Transmission lines to better connect different regions can help smooth these surpluses out, as can storage. That helps integrate renewables, but it would also create a friendlier market for nuclear to sell to more customers over wider geography and time (though the challenge of competing on cost would remain).

What’s happening today with coal generators is pretty indicative. Coal generators are also physically capable of running at full capacity almost all the time, but they don’t because they are facing these market trends. Historically Australia’s coal generators ran at around 60% utilisation rates. Black coal generators in NSW have recently run at utilisation rates from 55% to 80%. Brown coal in Victoria, with much lower fuel costs, managed 83-91%. They achieved these rates by accepting electricity prices often much lower than they’d like. They expect this situation to worsen, which is why they are all planning their exits.
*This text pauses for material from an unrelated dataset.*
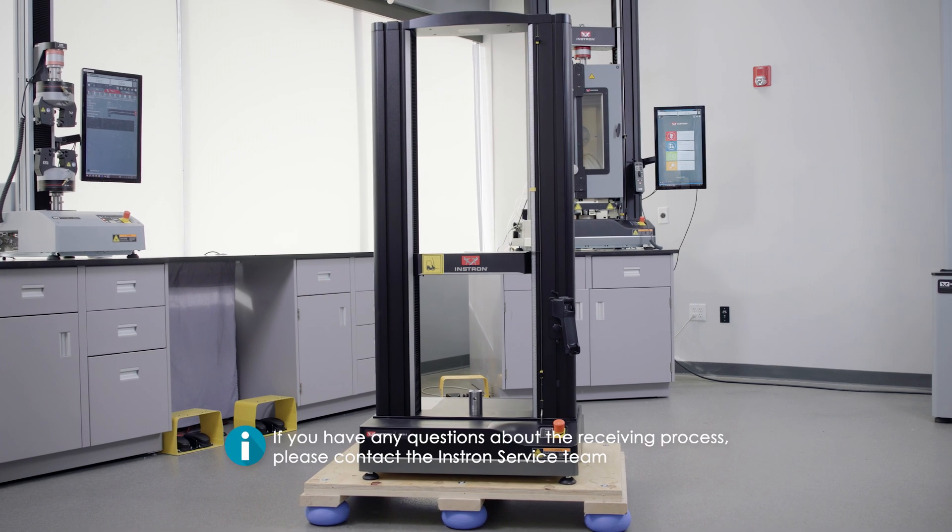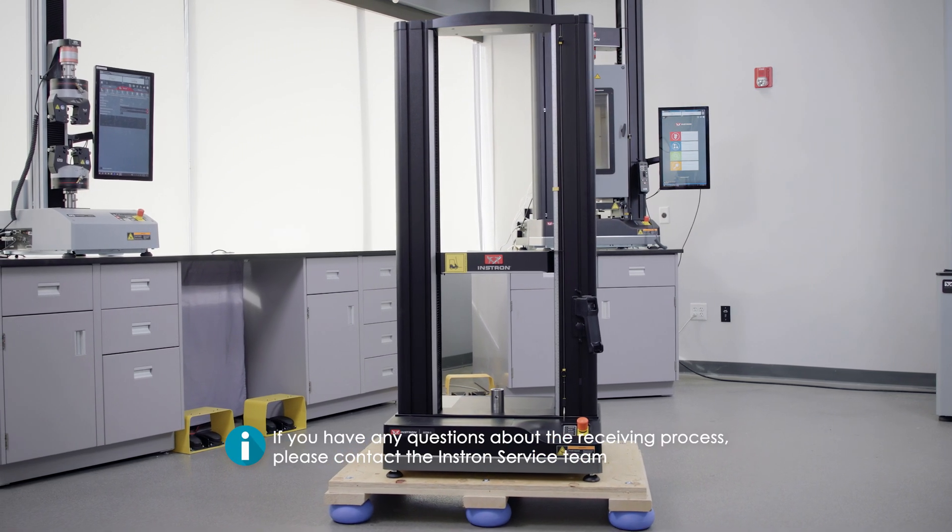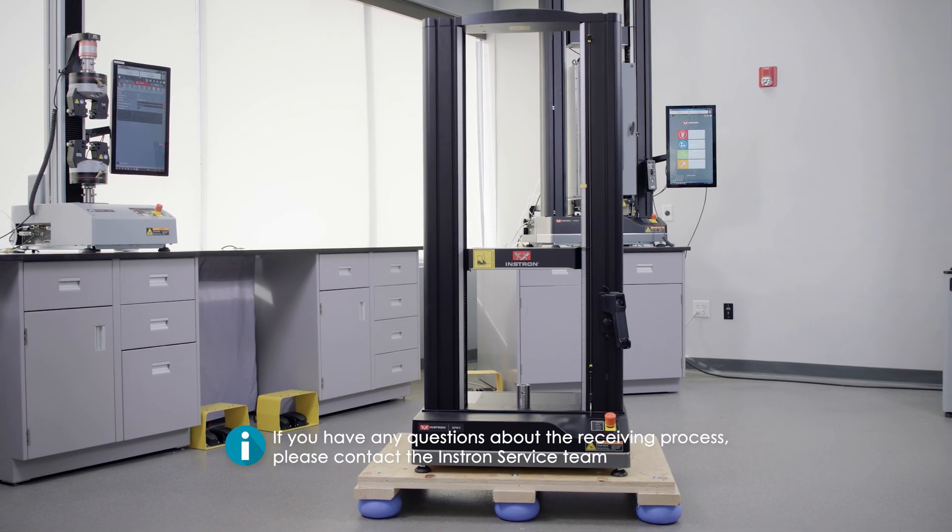If you have any questions about the receiving process, please contact the Instron service team.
In other markets with nuclear today it can have as much difficulty as other relatively inflexible technologies in running as often as it would like. In competitive markets in the United States, existing nuclear has been struggling to keep going despite already sunk capital costs. Competition has been huge, not just from renewables but also from gas generators, given their greater flexibility and – at extraordinarily low US gas prices – only moderately higher operating costs. The US Inflation Reduction Act included subsidies to existing nuclear plants to help them survive.

Given all that, CSIRO very reasonably looks at a range of potential utilisation rates for nuclear and other dispatchable technologies. They consider a top rate of 89% because these plants are capable of it. They consider a minimum rate of 53% because markets seem no more likely in future to support very high utilisation of inflexible generators than they are today.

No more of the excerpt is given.